Committee Report (Substituted)

 

 

 

BACKGROUND AND PURPOSE

 

In the 2008 presidential election, four to five million voters did not cast a ballot because the voters encountered registration problems or failed to receive absentee ballots.  An official in Mississippi wrongfully purged 10,000 voters from the official's home computer one week before the presidential election.  A county official in Muscogee, Georgia, purged 700 people from voter lists, supposedly because of ineligibility to vote due to criminal convictions, even though the purge included people who had never received a parking ticket.  Officials in Louisiana purged approximately 21,000 voters, many from hurricane-impacted areas, for registering to vote in another state.

 

The Massachusetts Institute of Technology Cooperative Congressional Election Survey Study found that the most common voter registration problems involved clerical errors, such as entering voter information incorrectly in statewide databases.

 

Currently in Texas, when a voter registration card or renewal certificate is mailed to a person's home but is unable to be delivered, the person's name is added to a voter suspension list.  If such a person votes in a general election, a polling official should require the person to fill out a residency form.  Additionally, a voter registrar is required to remove from the voter registration rolls a person on the suspension list who does not fill out a residency form within two general elections.  These procedures help keep the voter registration rolls updated.  However, because of clerical or administrative errors, some of these voters are still allowed to vote in general elections but are not given residency forms by polling officials.  Thus, after two general election cycles, a person who did not receive a renewal certificate or fill out a residency form while on the voter suspension list may be removed from the voter registration rolls, despite being an eligible and active voter.

 

Existing provisions require a voter registrar to delete a voter's name from the voter suspension list if the registrar determines that a voter's renewal certificate was returned undelivered solely because of postal service error, address reclassification, or the registrar's clerical error, and to make any other appropriate corrections in the registration records and deliver the renewal certificate to the voter.  However, a voter registrar is not currently required to make such a determination.  Additionally, existing provisions require a voter registrar to cancel a voter's registration within two general election cycles of being added to the voter suspension list.  Legislation is needed to require a voter registrar to determine whether a renewal certificate was returned undelivered solely because of postal service error, address reclassification, or the registrar's clerical error, and to avoid the cancellation of a voter's registration within two election cycles of being added to the suspension list by making the date of the voter's last vote at an election the date the voter is considered added to the list.  This will avoid cancellation of the voter registration of an active voter.

 

C.S.S.B. 1867 requires a voter registrar to determine whether a voter's renewal certificate was returned undelivered solely because of postal service error, reclassification, or the registrar's clerical error, and requires the secretary of state to adopt rules for making such a determination.  The bill specifies that if a voter whose name appears on the voter suspension list is shown to have voted in an election and the name is not to be deleted from the list, the voter is considered to have been entered on the list on the date of the most recent election in which the voter voted.  The bill requires the secretary of state to adopt rules to provide for the uniform and auditable processing of a statement of residence required of a voter before the voter may be accepted for voting. 

RULEMAKING AUTHORITY

 

It is the committee's opinion that rulemaking authority is expressly granted to the secretary of state in SECTIONS 1 and 3 of this bill.

 

ANALYSIS

 

C.S.S.B. 1867 amends the Election Code to establish that a voter registrar is required to determine whether a voter's renewal certificate was returned undelivered solely because of postal service error, address reclassification, or the registrar's clerical error, and makes a conforming change.
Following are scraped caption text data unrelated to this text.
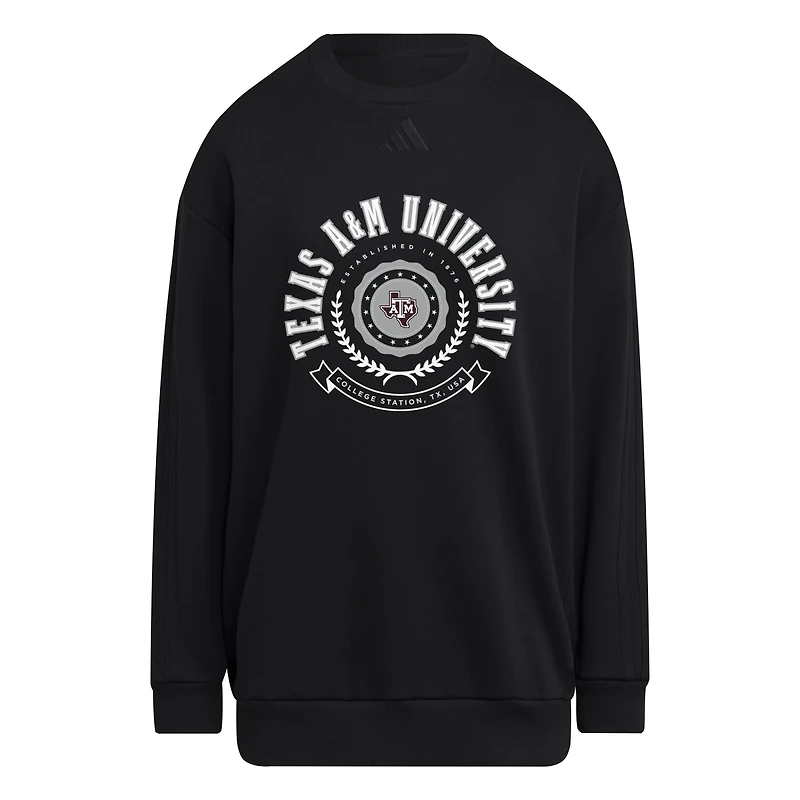 Women's adidas Black Texas A&M Aggies Oversized Crewneck Pullover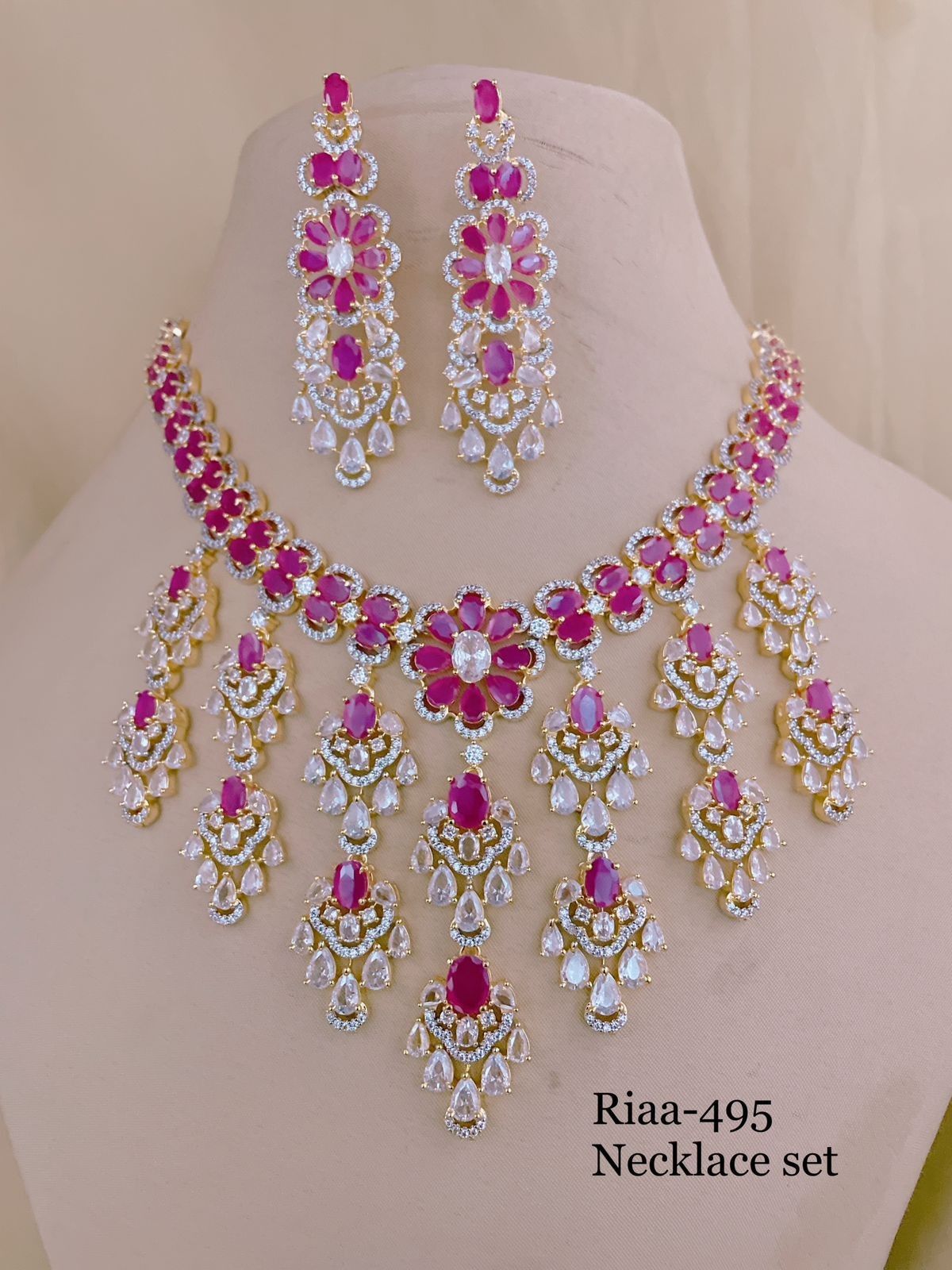 Buy Exquisite Ruby & CZ Studded Necklace Set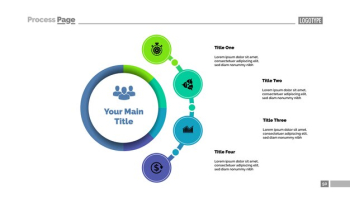 Four options business approach process chart template.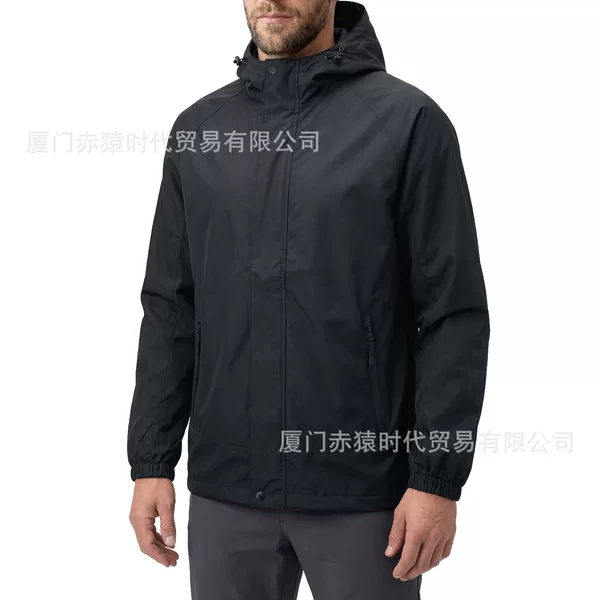 Outdoor Men's Lightweight Rainproof Jacket, All-Season Solid Color Hooded Windproof, Waterproof, and Wear-Resistant Jacket J10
The bill requires the secretary of state to adopt rules for making such a determination.

 

C.S.S.B. 1867 specifies that for the purpose of cancellation of a voter's registration following the end of the suspense list period, if a voter whose name appears on the suspense list is shown to have voted in an election and the name is not to be deleted from the suspense list, the date on which the voter is considered to have been entered on the list is the date of the most recent election in which the voter voted.

 

C.S.S.B. 1867 requires the secretary of state to adopt rules to provide for the uniform and auditable processing of a statement of residence required of a voter whose residence address is not current on the precinct list of registered voters because the voter changed residence with the county.

EFFECTIVE DATE

 

September 1, 2009.

COMPARISON OF ORIGINAL AND SUBSTITUTE

C.S.S.B. 1867 adds a provision not in the original that requires the secretary of state to adopt rules for determining whether a voter's renewal certificate was returned undelivered solely because of postal service error, address reclassification, or the registrar's clerical error.